Discrete hellmann-feynman theorem ?

1. May 22, 2009

juliette sekx

Discrete hellmann-feynman theorem ??

The Helmann-Feynman theorem states that :
derivative of eigenvalue with respect to a parameter = eigenfunction dagger * derivative of operator with respect to parameter * eigenfunction

(assuming that the eigenfuncitons are normalized, otherwise the theorem would also include a normalization integration).

Does anyone know if this works for the DISCRETE CASE ??

ie:

derivative of eigenvalue with respect to parameter = eigenVECTOR dagger * derivative of MATRIX with respect to parameter * eigenVECTOR ??

I can't find a proof of it anywhere!

2. May 22, 2009

VKint

Re: Discrete hellmann-feynman theorem ??

In order for the theorem to be true, the matrix has to be Hermitian.

The proof would go something like this.
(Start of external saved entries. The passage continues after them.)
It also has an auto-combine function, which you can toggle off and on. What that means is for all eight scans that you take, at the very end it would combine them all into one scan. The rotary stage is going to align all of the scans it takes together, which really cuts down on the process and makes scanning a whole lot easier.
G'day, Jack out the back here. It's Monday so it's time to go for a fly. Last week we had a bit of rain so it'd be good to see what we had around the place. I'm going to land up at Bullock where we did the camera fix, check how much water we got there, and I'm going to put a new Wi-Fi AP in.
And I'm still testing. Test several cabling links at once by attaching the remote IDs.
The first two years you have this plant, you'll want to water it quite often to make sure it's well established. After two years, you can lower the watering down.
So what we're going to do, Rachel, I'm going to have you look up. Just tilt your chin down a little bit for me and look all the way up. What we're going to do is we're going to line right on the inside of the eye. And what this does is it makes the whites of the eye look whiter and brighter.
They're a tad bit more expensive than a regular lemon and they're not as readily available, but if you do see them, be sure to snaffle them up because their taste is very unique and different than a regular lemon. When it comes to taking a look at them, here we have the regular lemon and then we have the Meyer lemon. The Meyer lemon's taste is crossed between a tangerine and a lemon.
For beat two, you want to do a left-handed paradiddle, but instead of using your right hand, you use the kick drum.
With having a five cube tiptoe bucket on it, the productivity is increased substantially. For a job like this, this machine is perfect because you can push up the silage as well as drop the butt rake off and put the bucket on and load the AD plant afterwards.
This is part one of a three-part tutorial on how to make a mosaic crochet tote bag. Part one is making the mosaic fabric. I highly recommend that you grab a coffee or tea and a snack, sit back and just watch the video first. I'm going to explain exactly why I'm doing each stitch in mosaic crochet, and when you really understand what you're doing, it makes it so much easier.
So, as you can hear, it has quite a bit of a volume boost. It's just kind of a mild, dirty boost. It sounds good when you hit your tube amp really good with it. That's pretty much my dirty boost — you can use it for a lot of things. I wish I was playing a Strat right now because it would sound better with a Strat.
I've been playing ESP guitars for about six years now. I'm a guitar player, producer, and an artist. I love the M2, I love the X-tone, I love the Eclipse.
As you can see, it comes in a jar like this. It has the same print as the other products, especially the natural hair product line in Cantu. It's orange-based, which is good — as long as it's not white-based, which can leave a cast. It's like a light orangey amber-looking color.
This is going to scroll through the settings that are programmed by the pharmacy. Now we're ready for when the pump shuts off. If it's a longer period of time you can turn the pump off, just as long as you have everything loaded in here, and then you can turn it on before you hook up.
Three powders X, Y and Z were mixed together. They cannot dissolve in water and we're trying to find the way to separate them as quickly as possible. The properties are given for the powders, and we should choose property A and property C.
Let $$A(s)$$ be one-parameter smooth family of Hermitian matrices and $$\lambda(s)$$ a smooth parametrization of the eigenvalue of $$A(s)$$ corresponding to the eigenvector $$\mathbf{v}(s)$$. (Assume that $$\mathbf{v}$$ is normalized so that $$\mathbf{v}^{\dagger} \mathbf{v} = 1$$.) Then $$A \mathbf{v} = \lambda \mathbf{v}$$ for all $$s$$. Differentiating this relation, we have
$$A' \mathbf{v} + A \mathbf{v}' = \lambda' \mathbf{v} + \lambda \mathbf{v} \textrm{.}$$
Note that $$\mathbf{v}^{\dagger} A \mathbf{v} = (A^{\dagger} \mathbf{v})^{\dagger} \mathbf{v} = (A \mathbf{v})^{\dagger} \mathbf{v}$$, since $$A$$ is Hermitian; but $$A \mathbf{v} = \lambda \mathbf{v}$$, so $$\mathbf{v}^{\dagger} A \mathbf{v} = \lambda^{*} \mathbf{v}^{\dagger} \mathbf{v} = \lambda^{*}$$ (where stars indicate complex conjugates). However, recall that Hermitian matrices have real eigenvalues; thus, $$\lambda^{*} = \lambda$$. Thus, multiplying the above equation by $$\mathbf{v}^{\dagger}$$ on the left, we have
$$\mathbf{v}^{\dagger} A' \mathbf{v} + \lambda = \lambda' + \lambda \textrm{,}$$
and, canceling $$\lambda$$ from both sides, we obtain the desired result.

3. May 28, 2009

VKint

Re: Discrete hellmann-feynman theorem ??

I was just rereading my work, and I discovered that there are a few typos in the previous post. The proof should have read:

$$(1) \quad \textrm{WLOG, } \mathbf{v}^{\dagger} \mathbf{v} = 1 \textrm{;}$$

(2) \begin{align*} \mathbf{v}^{\dagger} A \mathbf{v}' &= (A \mathbf{v})^{\dagger} \mathbf{v}'\\ &= \lambda^{*} \mathbf{v}^{\dagger} \mathbf{v}'\\ &= \lambda \mathbf{v}^{\dagger} \mathbf{v}' \quad \textrm{(since \lambda is real);} \end{align*}

(3) \begin{align*} A \mathbf{v} &= \lambda \mathbf{v}\\ \Rightarrow A' \mathbf{v} + A \mathbf{v}' &= \lambda' \mathbf{v} + \lambda \mathbf{v}'\\ \Rightarrow \mathbf{v}^{\dagger} A' \mathbf{v} + \mathbf{v}^{\dagger} A \mathbf{v}' &= \lambda' \mathbf{v}^{\dagger} \mathbf{v} + \lambda \mathbf{v}^{\dagger} \mathbf{v}'\\ \Rightarrow \mathbf{v}^{\dagger} A' \mathbf{v} &= \lambda' \quad \textrm{(by (1) and (2)).} \end{align*}

4. May 28, 2009

juliette sekx

Re: Discrete hellmann-feynman theorem ??

Very nice!

So this works not only for Hermitian matrices, but for real eigenvalues of any matrix!

5. May 28, 2009

VKint

Re: Discrete hellmann-feynman theorem ??

Not quite. In step (2), the first line requires that $$A$$ be Hermitian (otherwise, it would read $$\mathbf{v}^{\dagger} A \mathbf{v}' = (A^{\dagger} \mathbf{v})^{\dagger} \mathbf{v}'$$, which does not give the required cancellation).

6. May 29, 2009

juliette sekx

Re: Discrete hellmann-feynman theorem ??

Right .. I totally missed that! Thanks! =)